Collected data:

※ ※ ※

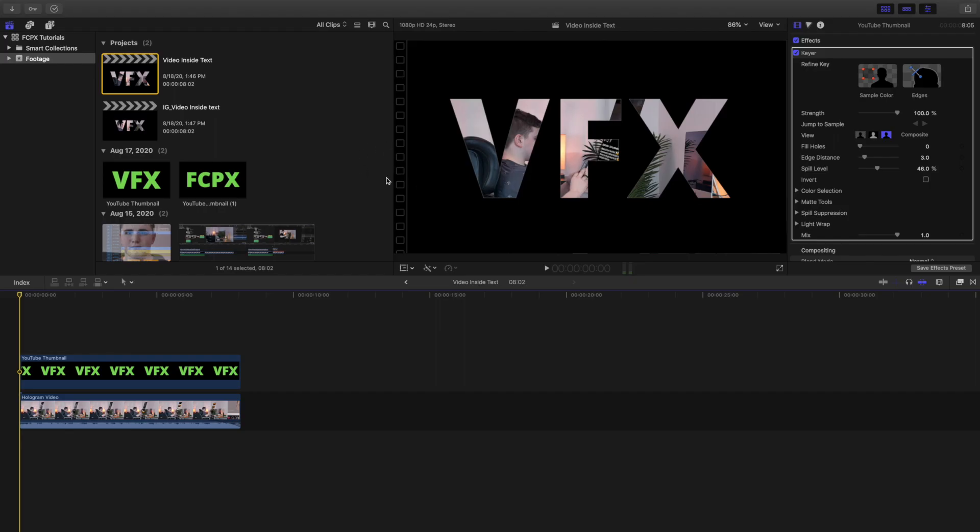In this video I want to break down this really cool effect where a video is actually inside the text. Now as you can see right here, the video is inside this text which just says VFX. As you can see right down here, it's green screen.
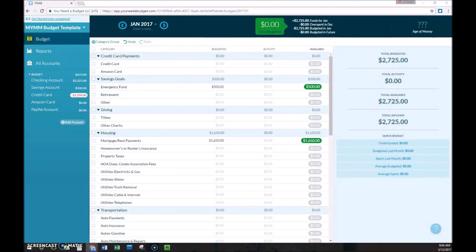In the next tutorial, I'll show you exactly how I budget on a weekly, monthly, and an annual basis with YNAB.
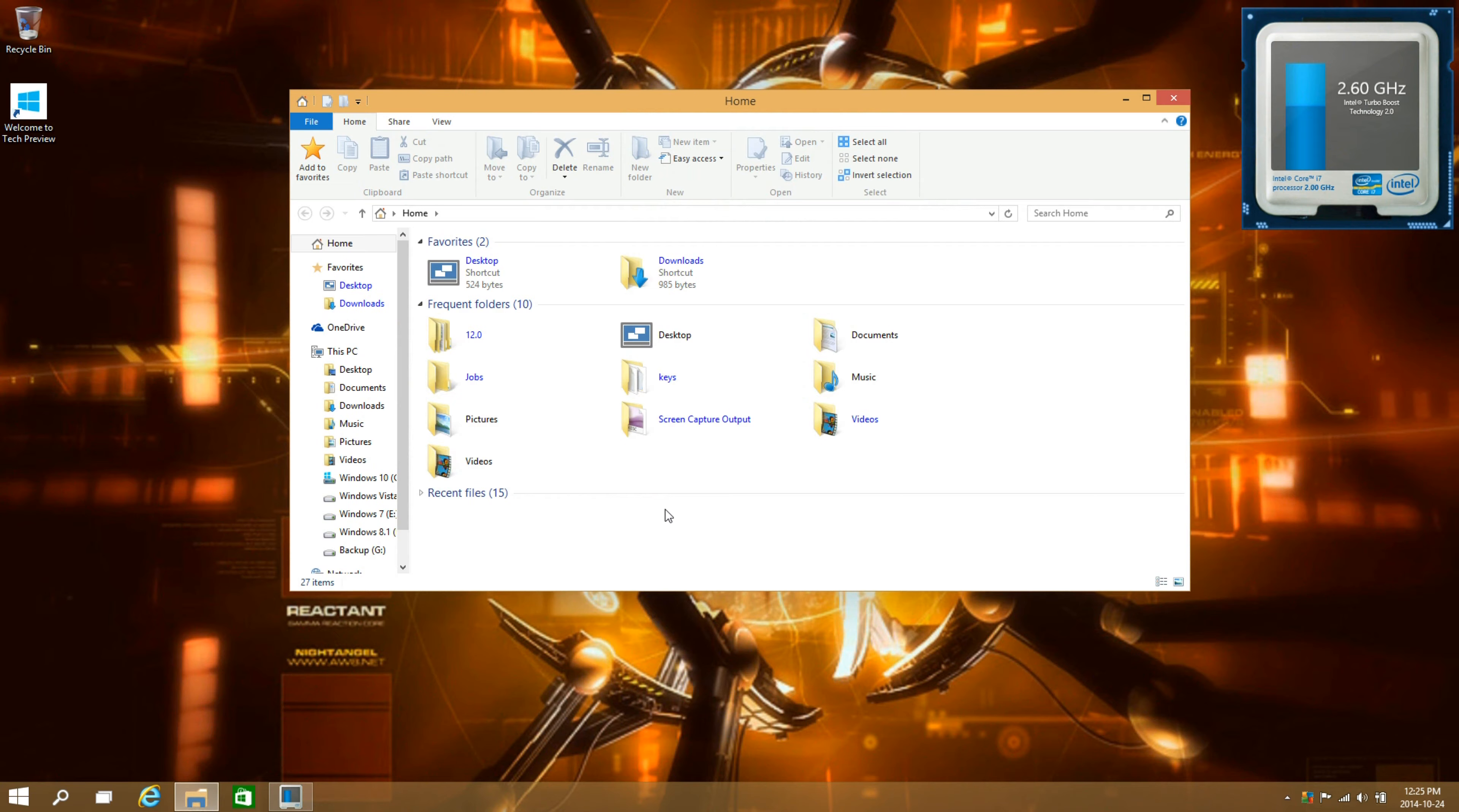Now when you open up file explorer it goes to a new place called home and I'm going to be showing you how to make it go to this PC.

※ ※ ※

What needs to be done: Leave out the pictures, and retype exactly the lines from the one containing "In the next" through the last line of the data above, no more and no less.

The completed task:
In the next tutorial, I'll show you exactly how I budget on a weekly, monthly, and an annual basis with YNAB.
Now when you open up file explorer it goes to a new place called home and I'm going to be showing you how to make it go to this PC.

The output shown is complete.